I am trying my hardest to implement this policy with our current car (the 4-door Mini Coop-de-Loop). We paid it off and are now running on 70k miles, hoping to get 2-3 times that when all is said and done. But it’s a struggle for me even though I love our vehicle. That new car itch strikes quite often forcing me to talk myself down (I know there are others out there that can relate).
CELL PHONE PLAN
For years we were Verizon Wireless customers. Even though we knew they were high priced, we assumed that their coverage was superior to everyone else and so the premium we were paying was likely worth it. Then we discovered the dirty little secret that discount wireless providers actually use the bigger providers networks.
This is when I made the switch to Total Wireless. With Total Wireless you can bring in any phone you want (as long as it’s unlocked) and use Verizon’s network for nearly half the price. Other providers have similar pairings (Cricket w/ AT&T for example), but over a year in w/ Total Wireless and there has been no fall-off in service and over $60/month in savings. Heck yea! There is no going back.

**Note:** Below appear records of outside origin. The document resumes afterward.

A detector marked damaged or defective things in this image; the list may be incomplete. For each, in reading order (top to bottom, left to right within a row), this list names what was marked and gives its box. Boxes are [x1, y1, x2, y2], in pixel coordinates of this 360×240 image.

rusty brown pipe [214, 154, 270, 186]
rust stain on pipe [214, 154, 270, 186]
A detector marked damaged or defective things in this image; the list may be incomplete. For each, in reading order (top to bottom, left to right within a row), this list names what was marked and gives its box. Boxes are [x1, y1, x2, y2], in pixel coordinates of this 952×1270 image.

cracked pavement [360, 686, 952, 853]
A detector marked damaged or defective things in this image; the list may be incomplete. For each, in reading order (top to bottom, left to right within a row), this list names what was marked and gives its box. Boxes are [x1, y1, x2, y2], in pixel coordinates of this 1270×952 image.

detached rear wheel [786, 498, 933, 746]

My wife and I used to shop for groceries based on convenience. What store was closest often drove our store decision. But after tracking our grocery bill for a few months, it became clear that not all stores are equal. We knew Whole Foods was expensive but was surprised to find that even our local perceived lower cost grocery chain (Giant Eagle) was still fairly high priced.
That’s when we discovered Aldi and became converts. It takes a small learning curve to get the hang of the concept (quarter needed to get shopping cart, bring your own reusable bags, relatively few brand names), but these are tiny obstacles for the quality and value received. Once past the initial learning curve, expect to save a minimum of 20% from your standard grocery bill.

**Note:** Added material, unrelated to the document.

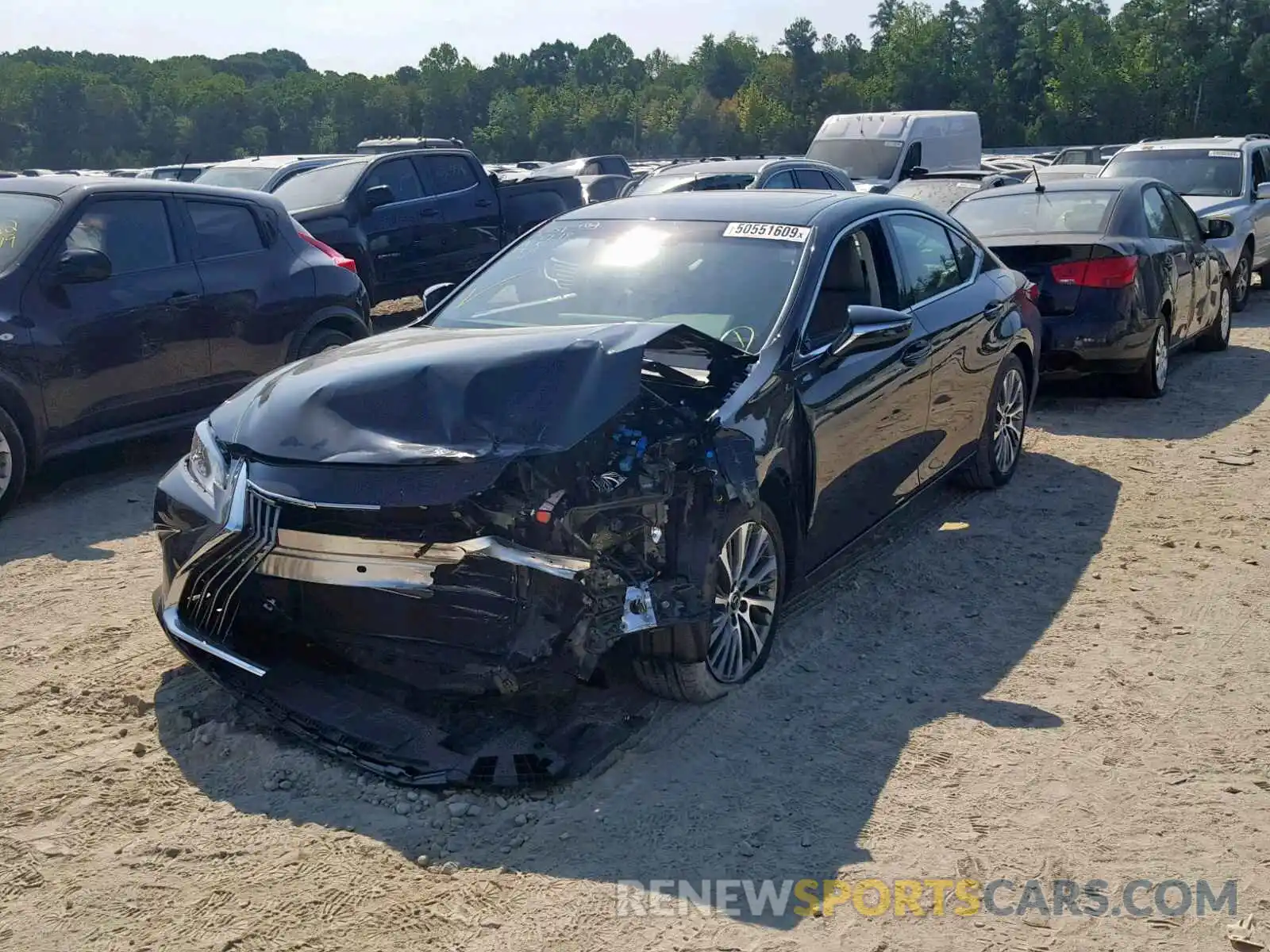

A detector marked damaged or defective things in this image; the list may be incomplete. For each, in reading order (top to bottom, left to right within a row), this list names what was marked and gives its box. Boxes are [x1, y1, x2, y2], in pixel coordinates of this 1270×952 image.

crushed front end [155, 324, 756, 787]
dented hood [208, 322, 741, 466]
black damaged sedan [151, 190, 1041, 787] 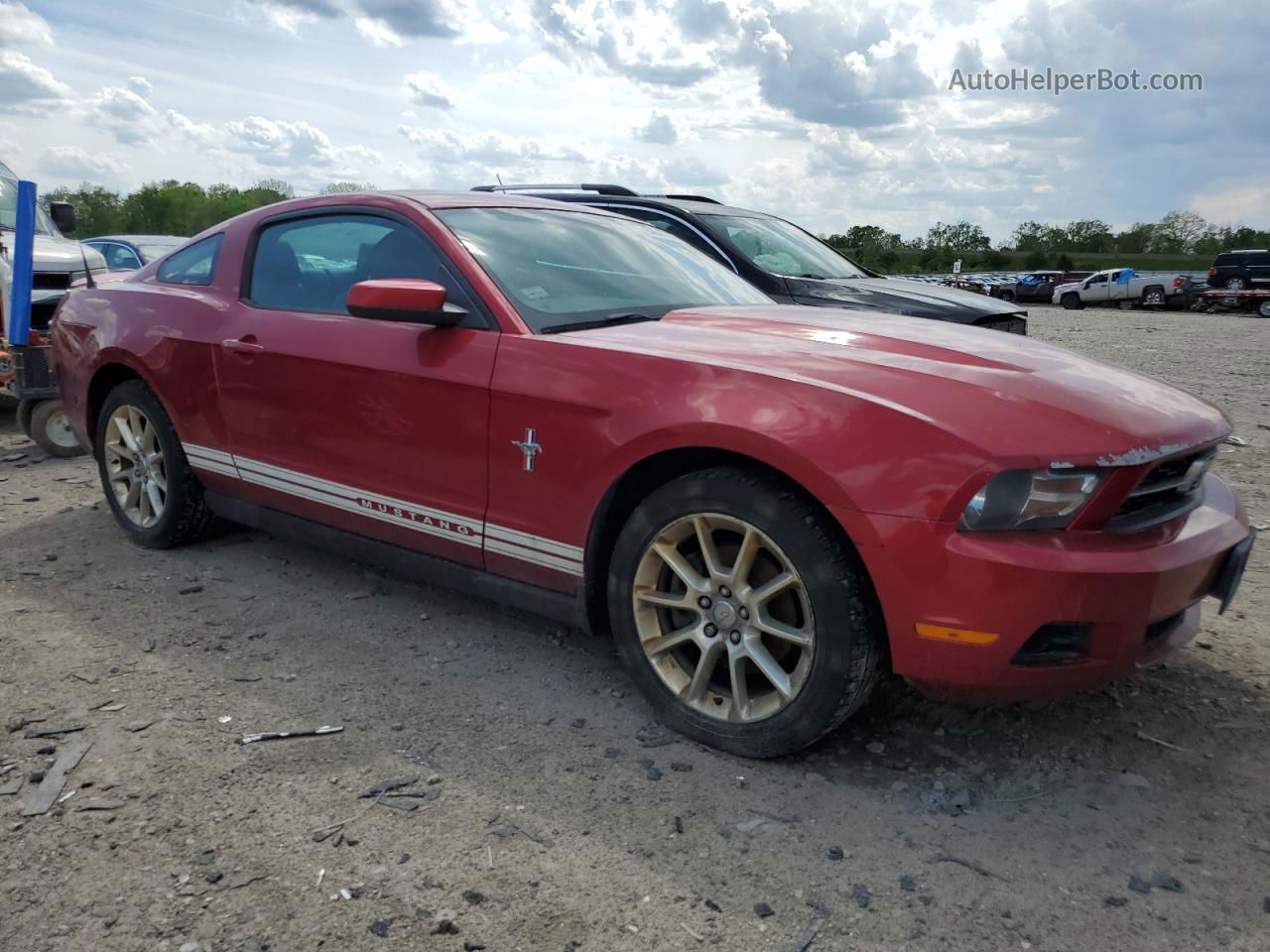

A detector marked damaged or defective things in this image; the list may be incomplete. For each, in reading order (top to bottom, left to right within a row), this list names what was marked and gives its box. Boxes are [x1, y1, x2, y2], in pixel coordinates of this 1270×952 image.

Beginning in 2018, the quote for our household healthcare exchange premiums shot through the roof. This led us down the path of exploration for any alternative and more affordable options, which also led us to the world of health sharing ministries. In essence, a health share ministry is a faith-based health insurance alternative (not actual insurance) that provides health care protections for a fraction of the cost of traditional insurance.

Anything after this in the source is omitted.